While he agrees the US has been pressuring Ukraine for a long time, he believes the reason for the Motor Sich decision is due to the Ukrainian President wanting to send a signal to the new US President Joe Biden that he is on his side.
Iuliia Mendel, the press secretary for Zelenskyy’s administration, told Euronews that Ukraine has not been under any pressure from the US. Instead, she says the case is a matter of “protecting our state”.
“Let’s look at these things as sensibly as possible,” she wrote. “This is a Ukrainian strategic enterprise. It is absolutely logical that such enterprises should retain their significance. Based on this alone, certain action was needed at the state level. Ukraine does not accept pressure from other states; it independently solves both domestic issues and those of international importance. That is why there was no pressure, this is our policy aimed at preserving strategic enterprises.”
She also said that “the misunderstanding in the Motor Sich case, which was provoked by the actions of certain people more than three years ago, is being resolved diplomatically and will not affect the sincere and strong relations between the two countries (China and Ukraine).”
Wang Wenbin, a spokesman for China’s Foreign Ministry, commented on the Ukrainian sanctions against the Chinese investors. “We noted relevant reports.

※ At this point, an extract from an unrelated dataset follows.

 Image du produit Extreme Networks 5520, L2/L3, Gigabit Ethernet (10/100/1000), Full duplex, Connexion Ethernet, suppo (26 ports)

China always opposes unilateral sanctions on Chinese enterprises by foreign governments,” Wenbin said on Monday.
“We hope the Ukrainian side will uphold the legal rights and interests of Chinese enterprises and investors.”
According to Buzarov, it is likely that the relationship between Ukraine and China will “now be put on ice”.
“I think that this will freeze the relationship between Ukraine and China,” says Buzarov, who fears that China now to a larger extent will ally with Russia against Ukraine.